La Marie-Madeleine me dit : « -Ils sont rigolos mais ils ne nous disent pas où il faut les prendre nos responsabilités. Déjà qu’on a tous nos commerces qu’ont fermé. Et pas mieux à qui il faut les prendre. Et une fois qu’on les aura prises, on les met où et à qui faudra-t-il les rendre… au bout du compte… ».
Marie-Madeleine je n’ai pas la réponse…
Mais peut-être pourriez -vous donner le change en tournant autour du pot pour noyer le poisson en brouillant les pistes ? (4)
Prendre ses responsabilités ! Cette admonestation est une injonction paradoxale, un transfert de charge : soyez autonome en faisant comme on vous dit (5). Donner clairement votre avis en suivant le mien. Et n’oubliez pas : si tout va mal c’est que vous l’aurez bien cherché ! À vous de voir où vous avez fauté… (6).
Notes pouvant être utiles pour compléter ce texte.
(1)- La Marie-Madeleine est persuadée qu’un serpent n’a pas plus de queue qu’une baguette de tambour, une pelote de ficelle ou un jour sans pain. Mais elle est dans l’erreur car le serpent est bien à la queue comme tout le monde. Vue de face et surtout quand l’herbe est haute, préciser où commence la queue est assez difficile et 67 % des Français ne sauraient le dire avant la fin du compte à rebours. Pourtant les ophiologues diplômés sont catégoriques : la queue du serpent commence précisément là où finit son tronc. On ne saurait être plus clair. Et la queue se termine là où il n’y a plus de serpent du tout.
(2)- Le sou est une monnaie qui fut en service depuis 781 sous le règne de Charlemagne. Le sou valait 12 deniers et 1 vingtième de livre. L’expression « ça ne nous fait pas rire pour deux sous » signifiait donc « ça ne nous fait pas rire pour 24 deniers » qui ne vaut guère mieux.
Ce système monétaire a duré plus de mille ans. Il a disparu le 18 germinal an III. On avait gagné un système monétaire décimal mais on avait perdu le calendrier…
(3)- Aujourd’hui -et grâce à la généralisation de la bipédie- on ne risque plus, Dieu soit loué, de se retrouver les quatre fers en l’air. L’expression est réservée aux chevaux dont les sabots sont ferrés. Mais, si vous me permettez un conseil, pourquoi ne pas plutôt prendre une gamelle. Le bruit métallique de la chute est impressionnant mais en général sans conséquences graves du type pronostic vital réservé ou saignement de nez.

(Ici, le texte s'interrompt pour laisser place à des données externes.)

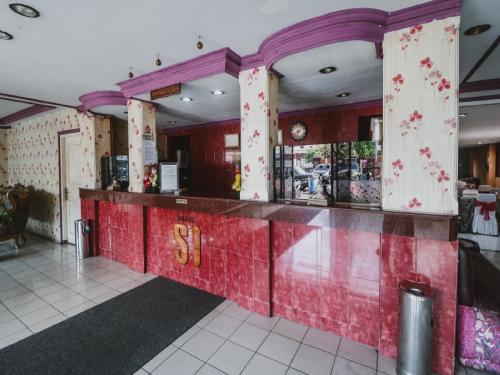 雅加达RedDoorz Plus near RSCM Jakarta的餐厅内的酒吧拥有红色和紫色的墙壁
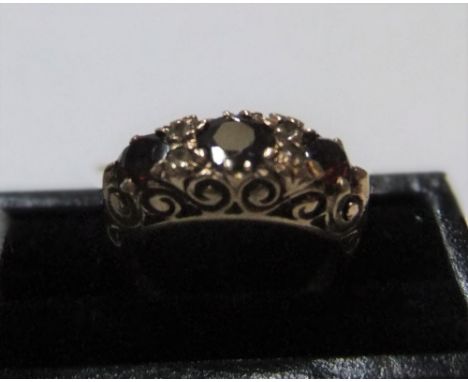 9ct yellow gold 3 stone garnet ringApprox 3.9 grams gross,            size K/L 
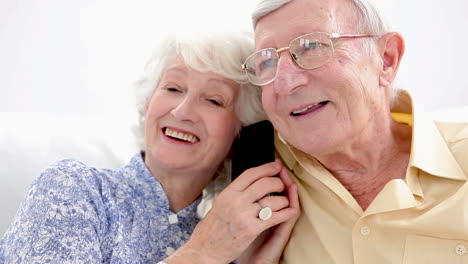 Old-couple-calling-on-the-phone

(4)- Tourner autour du pot ou brouiller les pistes est à la portée de tout un chacun pour peu qu’il s’en donne la peine. Noyer le poisson est beaucoup plus compliqué. Faites-vous aider d’amis en qui vous avez confiance. Je n’ai pas trouvé de tuto sur YouTube.
(5)- Les injonctions paradoxales sont très casse-pieds. Il s’agit de faire une demande qui n’est pas réalisable. « -Sois naturel ! ». Difficile ! Se forcer au naturel et le voilà qui s’en va au galop…
(6)- Pour que nous accordions notre confiance à ceux qui nous gouvernent on nous expliquent à longueur de temps que tout va de travers. Nous vivons une crise économique, une dette abyssale, un système de santé en PLS… L’éducation est en ruine, les dealers sont partout et les retraites sont ingérables… Nos assemblées ne peuvent plus prendre les décisions que l’urgence exige avant que les désordres écologiques nous emportent. Il est donc venu le temps de prendre nos responsabilités.